Edith Wharton (1862–1937) is the author the novels The Age of Innocence and Old New York , both of which won the Pulitzer Prize for Fiction. She was the first woman to receive that honor. In 1929 she was awarded the American Academy of Arts and Letters Gold Medal for Fiction. She was born in New York and is best known for her stories of life among the upper-class society into which she was born. She was educated privately at home and in Europe. In 1894 she began writing fiction, and her novel The House of Mirth established her as a leading writer.

Narrator Bio
Anna Fields

Kate Fleming (a.k.a. Anna Fields) (1965–2006), winner of more than a dozen Earphones Awards and the prestigious Audie Award in 2004, was one of the most respected narrators in the industry. Trained at the Actors Theatre of Louisville, she was also a director, producer, and technician at her own studio, Cedar House Audio.

Overview

Winner of an AudioFile Earphones Award
One of Modern Library's 100 Best English-Language Novels of the Twentieth Century
A New York Public Library Staff Pick of Favorite Books of the Last 125 Years

Set among the elegant brownstones and opulent country houses of turn-of-the-century upper-class New York, Edith Wharton’s first great novel is a precise, satiric portrayal of what the author herself called “a society of irresponsible pleasure-seekers.”

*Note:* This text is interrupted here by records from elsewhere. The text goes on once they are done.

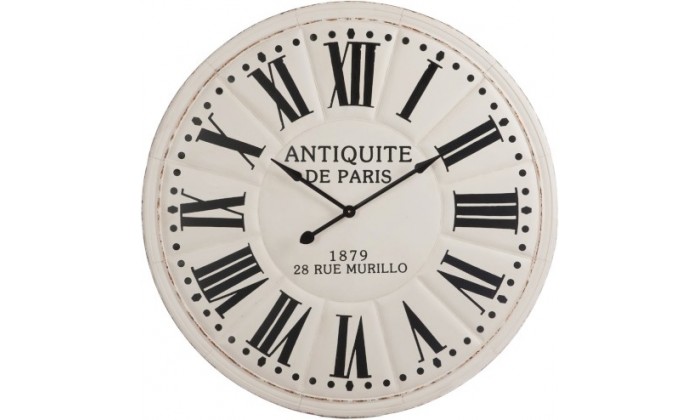 Horloge Antiquite De Paris Chiffres Romains Metal Blanc/Noir 113X7,5cm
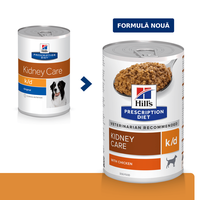 HILL'S Prescription Diet k/d Kidney Care, Pui, dietă veterinară câini, conservă hrană umedă, sistem renal, (în sos), 370g - 1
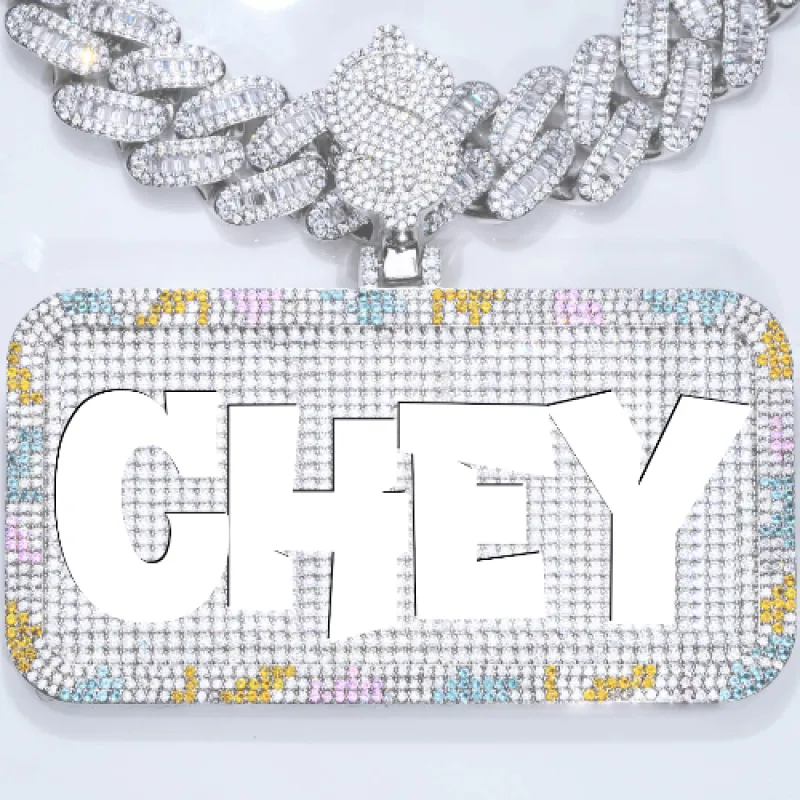 CUSTOM LETTER NECKLACE 3D COLORFUL SQUARE sold by The GUU Shop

Her brilliantly complex characterization of the doomed Lily Bart, whose stunning beauty and dependence on marriage for economic survival reduce her to a decorative object, is an incisive commentary on the status of women in that society. Lily is all too much a product of the world indicated by the title, a phrase taken from Ecclesiastes: “The heart of fools is in the house of mirth.” From her tragic attraction to bachelor lawyer Lawrence Seldon to her desperate relationship with the social-climbing Rosedale, it is Lily’s very specialness that threatens the fulfillment she seeks in life.

Time after time, Lily fails to make the ultimate move, to abandon the possibility of a greater love and enter into a mercenary union. This masterful novel from one of literature’s greatest voices is a tragedy of money, morality, and missed opportunity.